### What you should do:
Count the lines below that contain the word "showing". Give only the number.

### Provided entries:
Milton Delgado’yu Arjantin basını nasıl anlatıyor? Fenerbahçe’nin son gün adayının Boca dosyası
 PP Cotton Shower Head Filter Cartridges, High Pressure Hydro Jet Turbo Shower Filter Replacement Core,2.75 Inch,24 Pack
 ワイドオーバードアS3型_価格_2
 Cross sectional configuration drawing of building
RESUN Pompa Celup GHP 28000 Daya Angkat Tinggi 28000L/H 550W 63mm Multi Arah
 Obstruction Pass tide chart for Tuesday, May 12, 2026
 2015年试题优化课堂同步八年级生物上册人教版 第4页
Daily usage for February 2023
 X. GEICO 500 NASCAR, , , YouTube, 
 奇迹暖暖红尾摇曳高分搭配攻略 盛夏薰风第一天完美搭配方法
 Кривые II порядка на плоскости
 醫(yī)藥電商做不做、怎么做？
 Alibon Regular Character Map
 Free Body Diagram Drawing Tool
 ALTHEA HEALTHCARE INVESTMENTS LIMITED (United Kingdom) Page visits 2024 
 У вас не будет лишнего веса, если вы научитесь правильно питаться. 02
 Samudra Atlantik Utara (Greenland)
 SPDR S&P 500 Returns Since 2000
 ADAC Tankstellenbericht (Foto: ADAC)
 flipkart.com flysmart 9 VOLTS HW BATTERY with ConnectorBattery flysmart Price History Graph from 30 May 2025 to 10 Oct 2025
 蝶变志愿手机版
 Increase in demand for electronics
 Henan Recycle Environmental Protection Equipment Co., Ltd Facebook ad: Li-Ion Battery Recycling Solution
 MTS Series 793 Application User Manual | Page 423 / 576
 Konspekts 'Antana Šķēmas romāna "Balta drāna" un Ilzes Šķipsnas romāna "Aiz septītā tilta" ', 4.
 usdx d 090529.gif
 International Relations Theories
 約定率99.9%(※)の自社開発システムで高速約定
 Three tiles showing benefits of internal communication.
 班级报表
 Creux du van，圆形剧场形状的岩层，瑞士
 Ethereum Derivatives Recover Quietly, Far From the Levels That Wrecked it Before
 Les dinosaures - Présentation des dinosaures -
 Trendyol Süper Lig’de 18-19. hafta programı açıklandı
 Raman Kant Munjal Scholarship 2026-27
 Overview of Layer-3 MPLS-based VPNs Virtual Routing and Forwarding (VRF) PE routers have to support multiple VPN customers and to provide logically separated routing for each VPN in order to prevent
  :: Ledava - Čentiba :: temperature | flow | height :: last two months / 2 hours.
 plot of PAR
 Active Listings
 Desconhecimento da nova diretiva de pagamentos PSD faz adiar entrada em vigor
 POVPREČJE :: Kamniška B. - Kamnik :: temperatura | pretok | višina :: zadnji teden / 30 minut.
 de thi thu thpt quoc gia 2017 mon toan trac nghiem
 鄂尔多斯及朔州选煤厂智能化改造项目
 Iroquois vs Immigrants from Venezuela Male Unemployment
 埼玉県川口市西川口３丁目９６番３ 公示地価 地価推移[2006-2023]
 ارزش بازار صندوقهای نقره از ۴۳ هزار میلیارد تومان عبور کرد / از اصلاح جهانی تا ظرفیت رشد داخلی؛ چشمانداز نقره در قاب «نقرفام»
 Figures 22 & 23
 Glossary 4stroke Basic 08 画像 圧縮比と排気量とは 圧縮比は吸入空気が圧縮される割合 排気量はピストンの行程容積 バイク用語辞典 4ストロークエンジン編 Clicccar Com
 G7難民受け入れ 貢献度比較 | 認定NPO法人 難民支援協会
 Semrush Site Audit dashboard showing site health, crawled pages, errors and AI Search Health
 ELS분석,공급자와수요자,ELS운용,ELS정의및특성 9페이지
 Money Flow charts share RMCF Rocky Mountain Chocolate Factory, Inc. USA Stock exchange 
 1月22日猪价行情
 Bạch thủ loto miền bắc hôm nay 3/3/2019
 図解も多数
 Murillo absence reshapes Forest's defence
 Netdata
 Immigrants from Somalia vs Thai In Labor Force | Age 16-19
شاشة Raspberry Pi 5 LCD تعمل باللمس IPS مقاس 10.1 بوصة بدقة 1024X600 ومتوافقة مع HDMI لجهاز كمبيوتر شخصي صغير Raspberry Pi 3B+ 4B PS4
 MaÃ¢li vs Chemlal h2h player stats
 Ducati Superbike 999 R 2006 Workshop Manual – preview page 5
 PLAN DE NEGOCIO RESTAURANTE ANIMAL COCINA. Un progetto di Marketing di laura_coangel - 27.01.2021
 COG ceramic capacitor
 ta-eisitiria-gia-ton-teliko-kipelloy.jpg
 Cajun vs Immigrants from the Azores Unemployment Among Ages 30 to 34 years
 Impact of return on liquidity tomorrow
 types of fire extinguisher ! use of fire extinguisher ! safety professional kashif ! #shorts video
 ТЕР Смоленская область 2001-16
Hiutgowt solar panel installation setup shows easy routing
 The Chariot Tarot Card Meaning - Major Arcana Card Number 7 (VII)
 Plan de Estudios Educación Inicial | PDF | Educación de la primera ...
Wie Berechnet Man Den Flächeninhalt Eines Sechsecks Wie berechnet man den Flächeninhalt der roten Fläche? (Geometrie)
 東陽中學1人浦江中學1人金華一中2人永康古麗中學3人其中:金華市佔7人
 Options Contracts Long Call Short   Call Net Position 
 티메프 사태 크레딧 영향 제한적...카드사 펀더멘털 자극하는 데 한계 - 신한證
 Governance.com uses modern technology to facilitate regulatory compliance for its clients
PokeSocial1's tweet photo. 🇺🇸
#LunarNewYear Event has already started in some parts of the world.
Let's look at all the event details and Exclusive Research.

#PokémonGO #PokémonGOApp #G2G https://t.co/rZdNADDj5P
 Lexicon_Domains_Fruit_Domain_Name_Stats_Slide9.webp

### Expected answer:
2